• _Task goal_
The result should be an exact copy of every record, with no pictures kept.

• _Data_

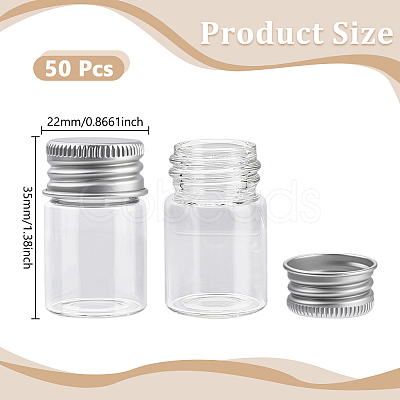 50Pcs Glass Bottles Bead Containers CON-DR0001-06A-1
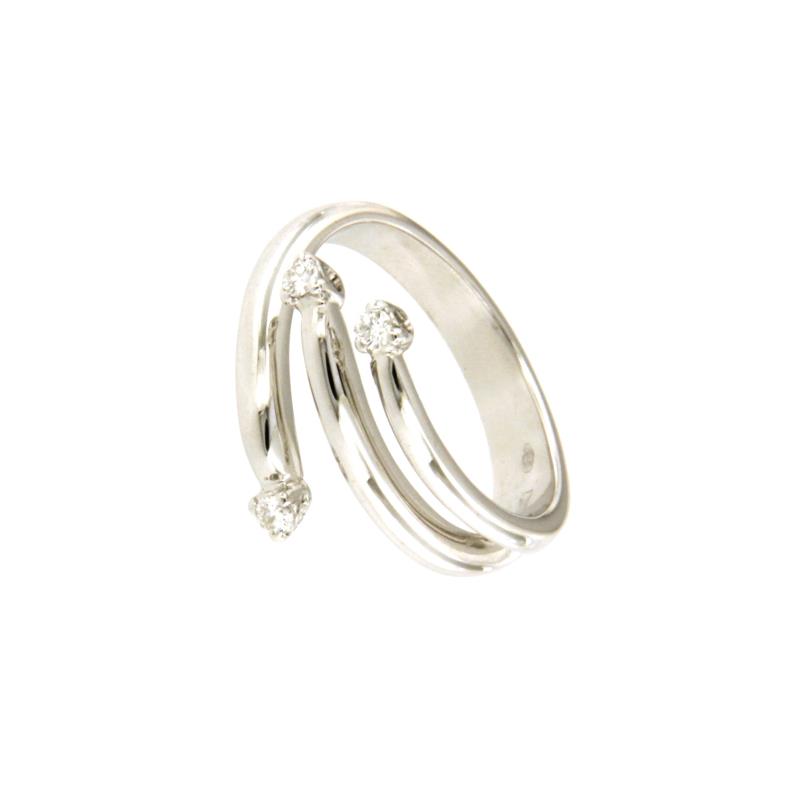 TRILOGY ORO BIANCO 750/1000 CON DIAMANTI TAGLIO BRILLANTE CT 0.09 TOTALI G - VS - MIS. 14 - 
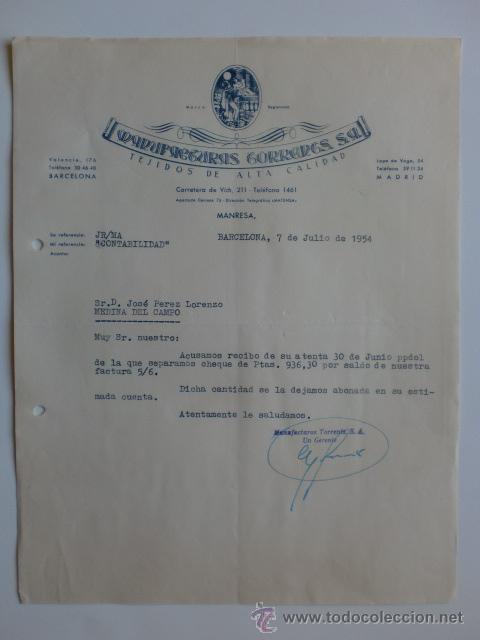 Cartas comerciales: CARTA COMERCIAL. BARCELONA. JULIO 1954. MANUFACTURAS TORRARTS. TEJIDOS DE ALTA CALIDAD.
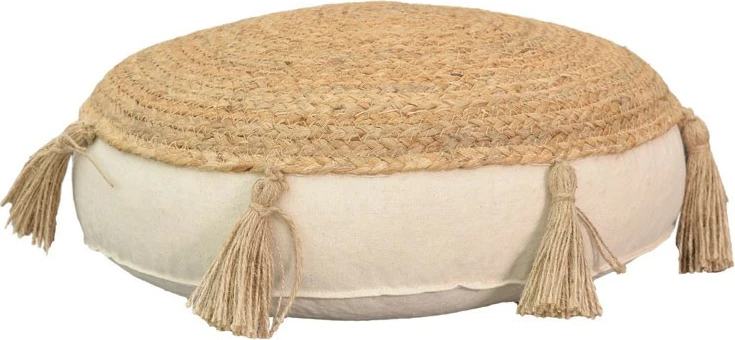 Jastëk pufi Elefon Inart, pëlhurë natyrale-ecru, D40x7.5cm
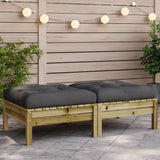 NNEVL Garden Footstools with Cushions 2 pcs Impregnated Wood Pine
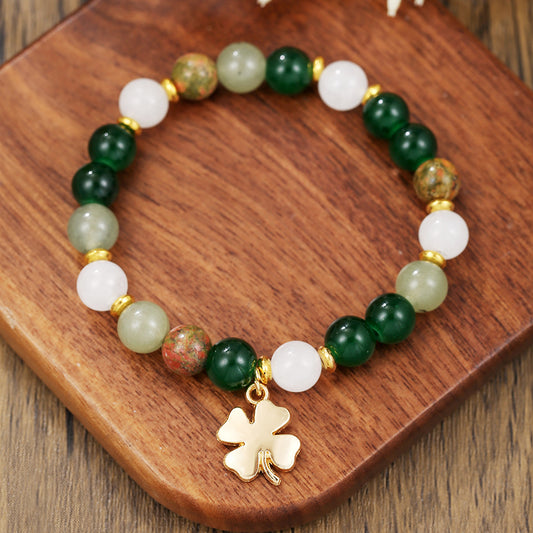 8mm Round Crystal and Turquoise Geometric Stretch Bracelet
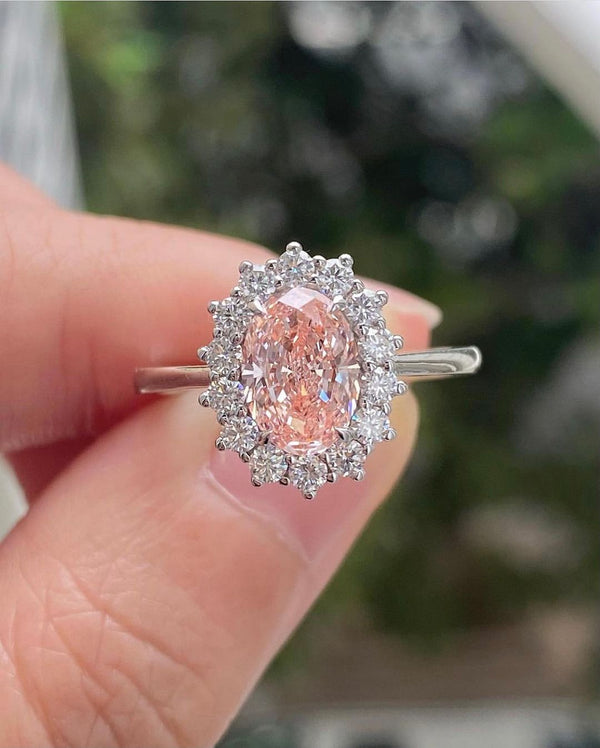 Pink Oval Cut Labgrown Engagement Ring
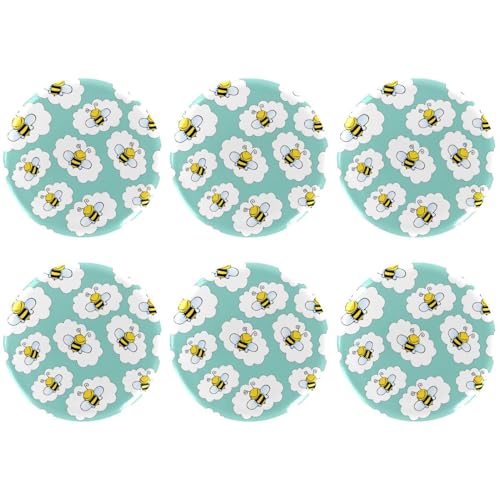 Eslifey 6 Stück 5,6 cm große Knöpfe mit Anstecknadel, gelbe niedliche Bienen, weiße Wolken, blaue runde Bastelknöpfe für Bastelbedarf, DIY-Abzeichen, Anstecknadeln, Schulprojekte von Eslifey
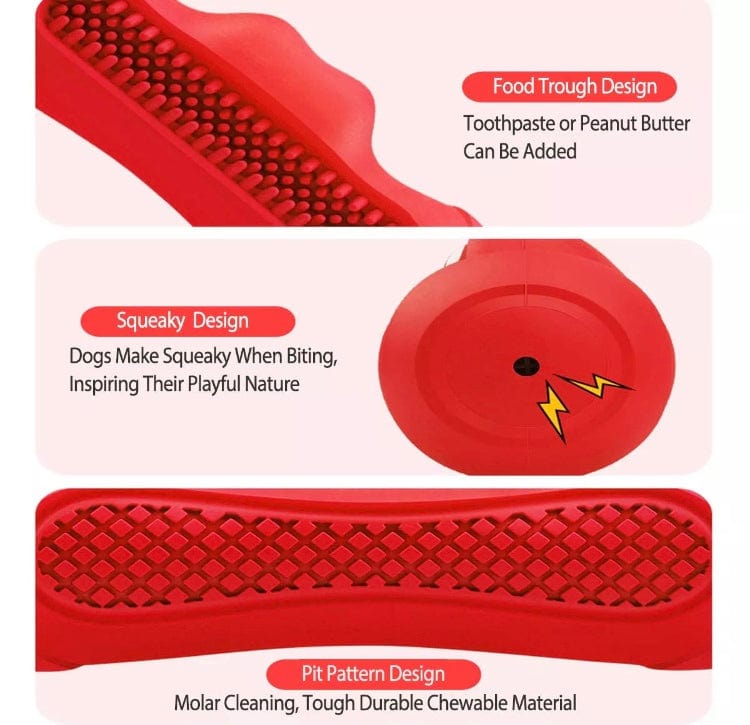 KUTKUT Dog Interactive Squeaky Chew Toys for Aggressive Chewers | Dog Teeth Cleaning Toy Safe Natural Rubber Dog Toothbrush for Medium and Large Breed Dogs, Unique Crocodile Head Design - kut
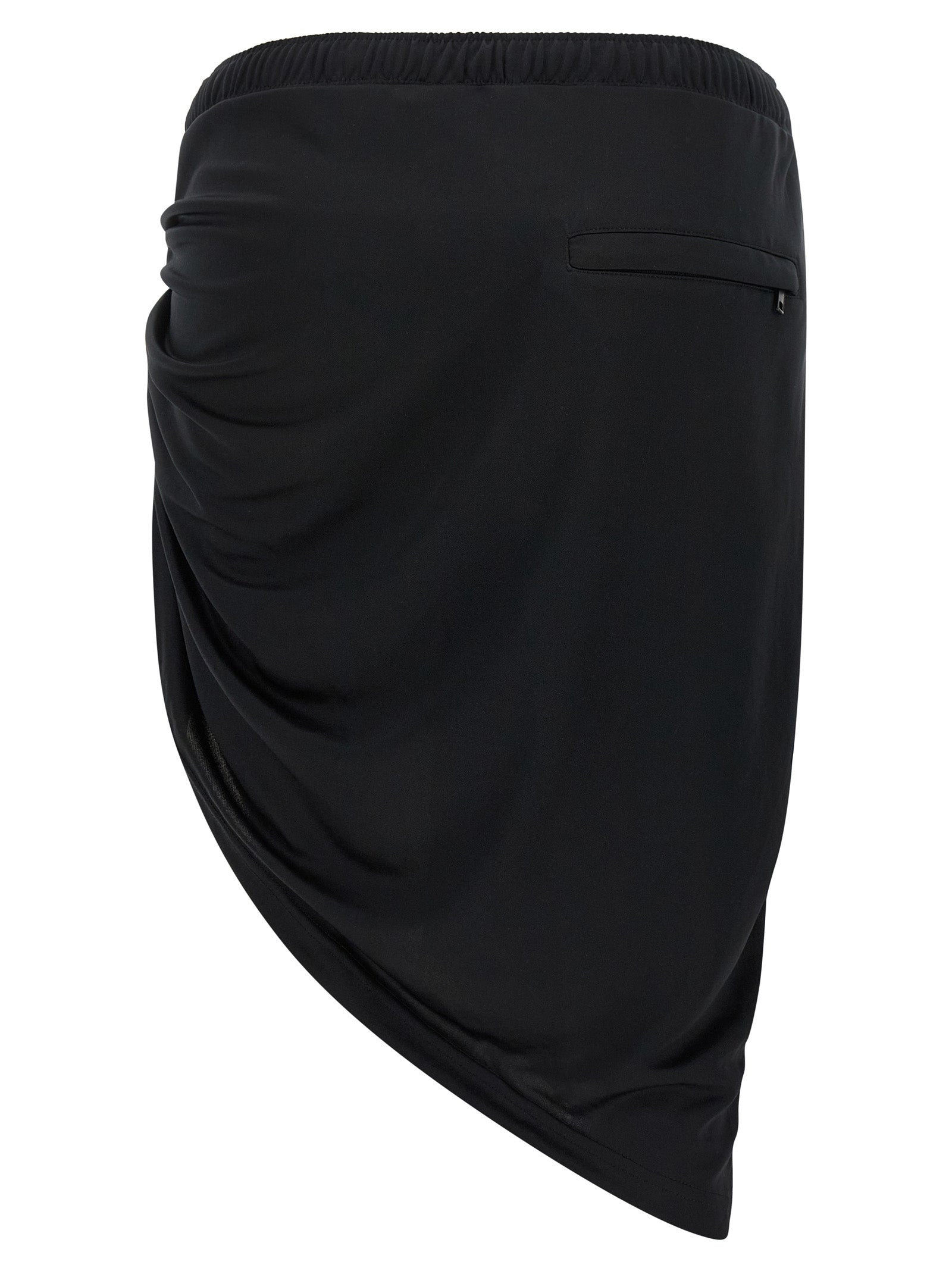 Skirt by Courrèges for women in polyester black showcases a sultry silhouette, elegantly defined by its mini long and the sophisticated sultry design of the Women's Asymmetrical Polyester Mini Long Skirt.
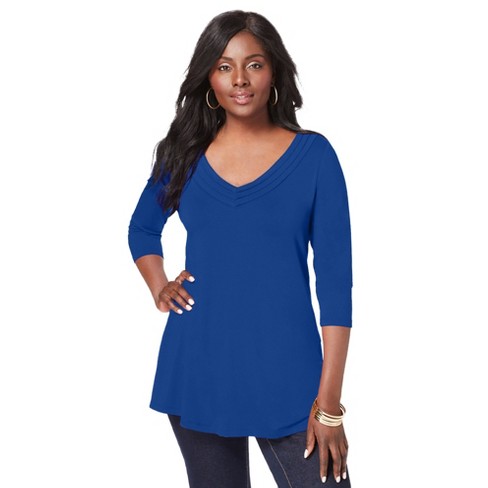 Jessica London Women’s Plus Size A-line Pleated Tunic : Target
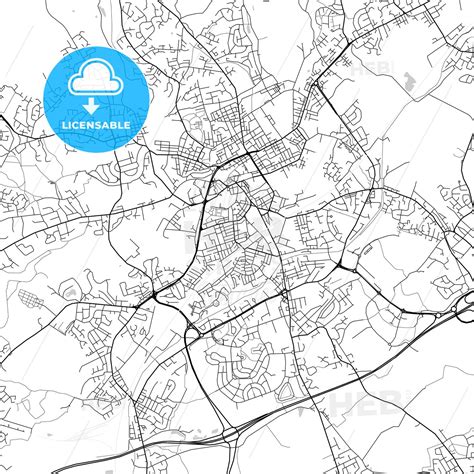 Rochdale, England, UK, Vector Map - Light - HEBSTREITS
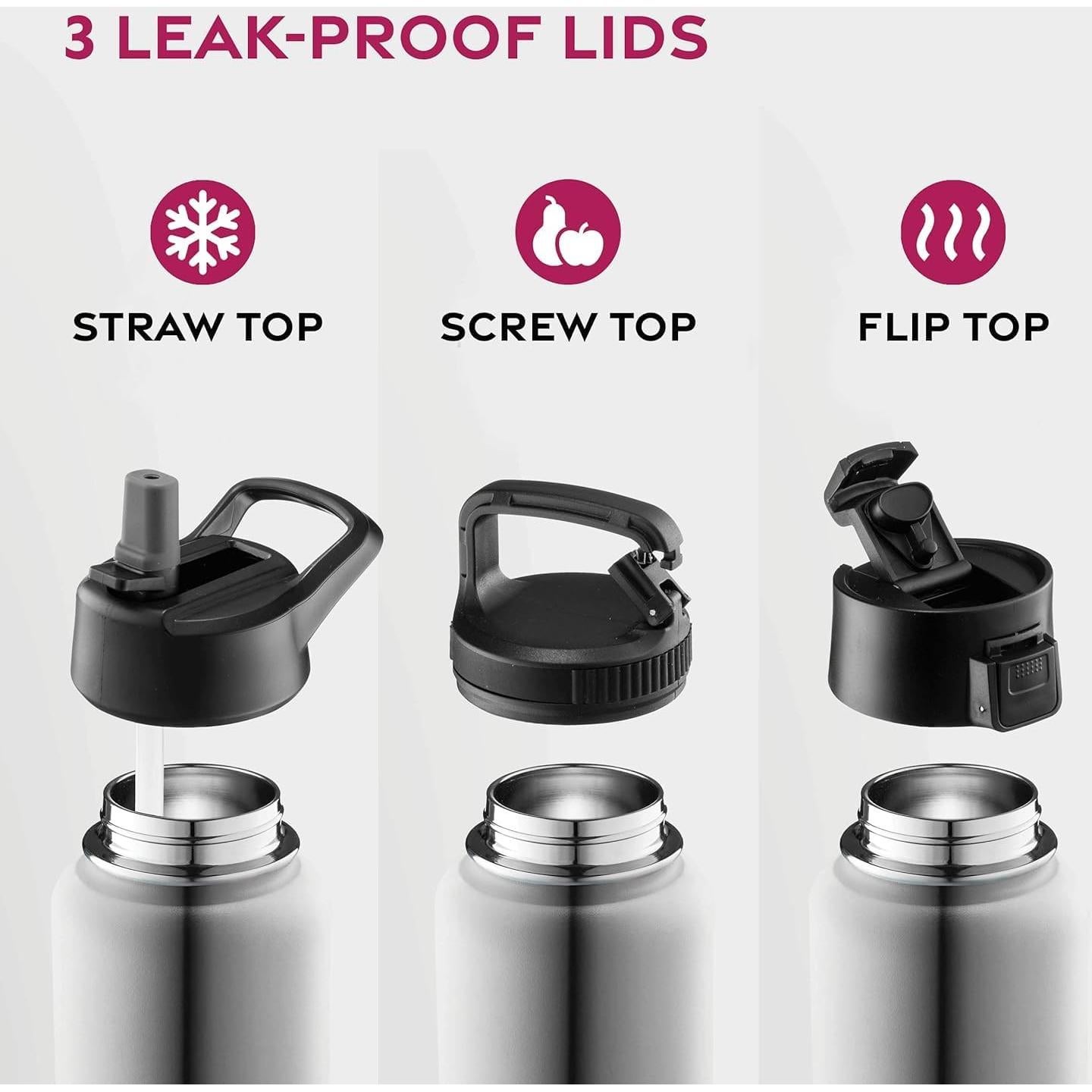 Botella de Agua Aislada BREFR 25 Oz Acero Inoxidable Plateado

• _Solution to the exercise_
 50Pcs Glass Bottles Bead Containers CON-DR0001-06A-1
 TRILOGY ORO BIANCO 750/1000 CON DIAMANTI TAGLIO BRILLANTE CT 0.09 TOTALI G - VS - MIS. 14 - 
 Cartas comerciales: CARTA COMERCIAL. BARCELONA. JULIO 1954. MANUFACTURAS TORRARTS. TEJIDOS DE ALTA CALIDAD.
 Jastëk pufi Elefon Inart, pëlhurë natyrale-ecru, D40x7.5cm
 NNEVL Garden Footstools with Cushions 2 pcs Impregnated Wood Pine
 8mm Round Crystal and Turquoise Geometric Stretch Bracelet
 Pink Oval Cut Labgrown Engagement Ring
 Eslifey 6 Stück 5,6 cm große Knöpfe mit Anstecknadel, gelbe niedliche Bienen, weiße Wolken, blaue runde Bastelknöpfe für Bastelbedarf, DIY-Abzeichen, Anstecknadeln, Schulprojekte von Eslifey
 KUTKUT Dog Interactive Squeaky Chew Toys for Aggressive Chewers | Dog Teeth Cleaning Toy Safe Natural Rubber Dog Toothbrush for Medium and Large Breed Dogs, Unique Crocodile Head Design - kut
 Skirt by Courrèges for women in polyester black showcases a sultry silhouette, elegantly defined by its mini long and the sophisticated sultry design of the Women's Asymmetrical Polyester Mini Long Skirt.
 Jessica London Women’s Plus Size A-line Pleated Tunic : Target
 Rochdale, England, UK, Vector Map - Light - HEBSTREITS
 Botella de Agua Aislada BREFR 25 Oz Acero Inoxidable Plateado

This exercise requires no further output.